L’ultima versione del D.L. Semplificazioni contiene un importante cambiamento in materia di appalti pubblici.
Già nelle ore precedenti il varo del decreto da parte del Consiglio dei Ministri era stata stralciata la norma che prevedeva la regola del massimo ribasso quale criterio di aggiudicazione degli appalti, a seguito della forte protesta delle organizzazioni sindacali e all’azione politica delle forze più sensibili nella maggioranza di governo, a partire dal gruppo di LeU e di Articolo Uno.
Altrettanto importante – anche se scarsamente sottolineata dai media – è la vera e propria riforma del regime di subappalto contenuta nell’articolo 50 del decreto legge.
Il testo compie tre passaggi fondamentali:
- a) nega la possibilità di cedere in subappalto l’esecuzione della prevalenza dell’oggetto dell’appalto, innovando rispetto alle disposizioni precedenti, che prevedevano solo un limite quantitativo (il 40%) del valore dell’opera o del servizio);
- b) obbliga il subappaltatore, qualora l’oggetto del subappalto sia riconducibile ad attività comprese nell’oggetto sociale dell’appaltante, a garantire ai propri dipendenti una condizione economica e normativa non inferiore a quanto avrebbe dovuto erogare l’appaltante mentre prima era addirittura prevista la possibilità di una riduzione del 20% del costo del lavoro per effetto del ricorso al subappalto!;
- c) obbliga in solido appaltante e subappaltatore rispetto alle disposizioni di legge e di contratto.
L’insieme di queste tre disposizioni, cui si accompagna una norma transitoria valida fino al 31 ottobre che ammette il ricorso al subappalto fino al 50% del valore dell’appalto, è tale da rivoluzionare potenzialmente una normativa il cui punto d’inizio è rintracciabile nell’articolo 29 del D.Lgs. 276/03, la cosiddetta legge Biagi.
Tale legge separava le condizioni normative ed economiche da rispettare nella catena del subappalto da quanto era applicato nella stazione appaltante: in questo modo era stata cancellata una norma di molti anni prima, l’articolo 3 della legge 1369/60 (sì, avete letto bene, siamo in pieno governo centrista) che obbligava chi ricorresse ad un appalto “interno al ciclo produttivo” a garantire ai lavoratori lì impiegati lo stesso trattamento dei lavoratori dipendenti diretti.

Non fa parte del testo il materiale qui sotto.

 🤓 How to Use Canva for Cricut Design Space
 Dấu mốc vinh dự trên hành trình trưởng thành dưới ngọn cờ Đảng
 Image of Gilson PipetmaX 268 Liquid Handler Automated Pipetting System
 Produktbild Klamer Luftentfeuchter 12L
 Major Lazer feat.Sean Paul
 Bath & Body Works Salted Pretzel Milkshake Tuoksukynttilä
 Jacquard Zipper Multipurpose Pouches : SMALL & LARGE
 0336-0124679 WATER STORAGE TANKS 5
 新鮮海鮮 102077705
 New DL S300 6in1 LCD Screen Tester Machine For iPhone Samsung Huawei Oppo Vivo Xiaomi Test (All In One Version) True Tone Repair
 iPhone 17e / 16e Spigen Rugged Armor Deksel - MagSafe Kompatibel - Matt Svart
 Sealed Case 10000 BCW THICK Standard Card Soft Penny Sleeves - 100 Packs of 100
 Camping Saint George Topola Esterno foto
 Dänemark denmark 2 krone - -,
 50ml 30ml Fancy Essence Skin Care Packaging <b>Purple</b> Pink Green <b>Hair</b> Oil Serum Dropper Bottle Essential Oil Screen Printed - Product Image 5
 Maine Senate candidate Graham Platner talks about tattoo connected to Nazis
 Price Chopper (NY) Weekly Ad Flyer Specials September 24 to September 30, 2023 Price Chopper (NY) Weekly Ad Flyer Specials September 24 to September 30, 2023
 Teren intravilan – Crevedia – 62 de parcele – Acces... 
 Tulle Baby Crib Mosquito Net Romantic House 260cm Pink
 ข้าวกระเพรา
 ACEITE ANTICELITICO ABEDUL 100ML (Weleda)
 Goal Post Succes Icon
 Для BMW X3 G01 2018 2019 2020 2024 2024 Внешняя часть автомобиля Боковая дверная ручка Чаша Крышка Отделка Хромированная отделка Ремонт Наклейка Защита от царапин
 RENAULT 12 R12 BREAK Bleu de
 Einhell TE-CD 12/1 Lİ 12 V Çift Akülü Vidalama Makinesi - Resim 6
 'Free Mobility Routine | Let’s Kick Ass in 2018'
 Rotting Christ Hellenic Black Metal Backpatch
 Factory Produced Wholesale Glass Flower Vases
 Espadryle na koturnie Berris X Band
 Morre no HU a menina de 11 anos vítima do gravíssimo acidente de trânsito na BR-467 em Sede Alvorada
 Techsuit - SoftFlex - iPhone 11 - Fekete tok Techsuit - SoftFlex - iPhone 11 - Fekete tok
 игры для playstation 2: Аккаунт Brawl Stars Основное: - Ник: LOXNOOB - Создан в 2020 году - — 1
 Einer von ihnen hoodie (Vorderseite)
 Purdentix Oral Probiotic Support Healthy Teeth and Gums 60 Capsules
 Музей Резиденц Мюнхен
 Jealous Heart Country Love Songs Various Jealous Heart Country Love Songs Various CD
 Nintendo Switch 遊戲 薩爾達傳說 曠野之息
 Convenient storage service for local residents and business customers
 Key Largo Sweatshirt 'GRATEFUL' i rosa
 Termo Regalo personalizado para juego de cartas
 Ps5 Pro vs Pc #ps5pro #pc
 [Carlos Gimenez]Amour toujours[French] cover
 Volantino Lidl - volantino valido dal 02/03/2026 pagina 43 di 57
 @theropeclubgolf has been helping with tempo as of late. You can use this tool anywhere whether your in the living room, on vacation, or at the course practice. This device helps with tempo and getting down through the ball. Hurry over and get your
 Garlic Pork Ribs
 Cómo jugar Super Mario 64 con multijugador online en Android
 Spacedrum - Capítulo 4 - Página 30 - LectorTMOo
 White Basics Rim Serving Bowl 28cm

Grazie al peggioramento introdotto nel 2003 è diventato facile e giuridicamente legittimo ricorrere non solo al massimo ribasso, ma applicare nella catena dei subappalti ogni possibile contratto collettivo, compresi quelli firmati da soggetti privi di ogni rappresentatività.
In questo settore ha svolto un ruolo negativo, negli anni scorsi, anche l’Unione Europea, che ha minacciato di multare l’Italia per la norma che limitava al 30-40% del valore dell’appalto la possibilità di ricorrere al subappalto in quanto “lesiva dei principi della concorrenza”.
E’ merito delle organizzazioni sindacali aver ripreso una lunga battaglia di cui un primo risultato fu il riconoscimento della responsabilità in solido di appaltante e subappaltatore varata dal Parlamento nel 2016 per impedire il referendum che in materia aveva promosso la Cgil. Questa battaglia è stata vinta grazie ad un intelligente collegamento con le forze politiche della sinistra che, all’interno della vasta maggioranza che sostiene il governo Draghi, si battono per il miglioramento delle condizioni delle lavoratrici e dei lavoratori.
Adesso a quel tassello se ne aggiungono due altri di uguale se non maggiore importanza: la parità di trattamento da assicurare a chi fa lo stesso lavoro nella filiera e l’impedimento di cedere in maniera prevalente l’attività specie in appalti ad alta intensità di lavoro.
Il risultato di queste norme sarà che la cessione a terzi di lavori avverrà per la maggiore qualità dei servizi offerti, e non per mere ragioni di risparmio: in fin dei conti si conferma in questo modo che la salvaguardia dei diritti dei lavoratori si può ben accompagnare con il rafforzamento e la qualificazione dell’apparato produttivo e di servizio.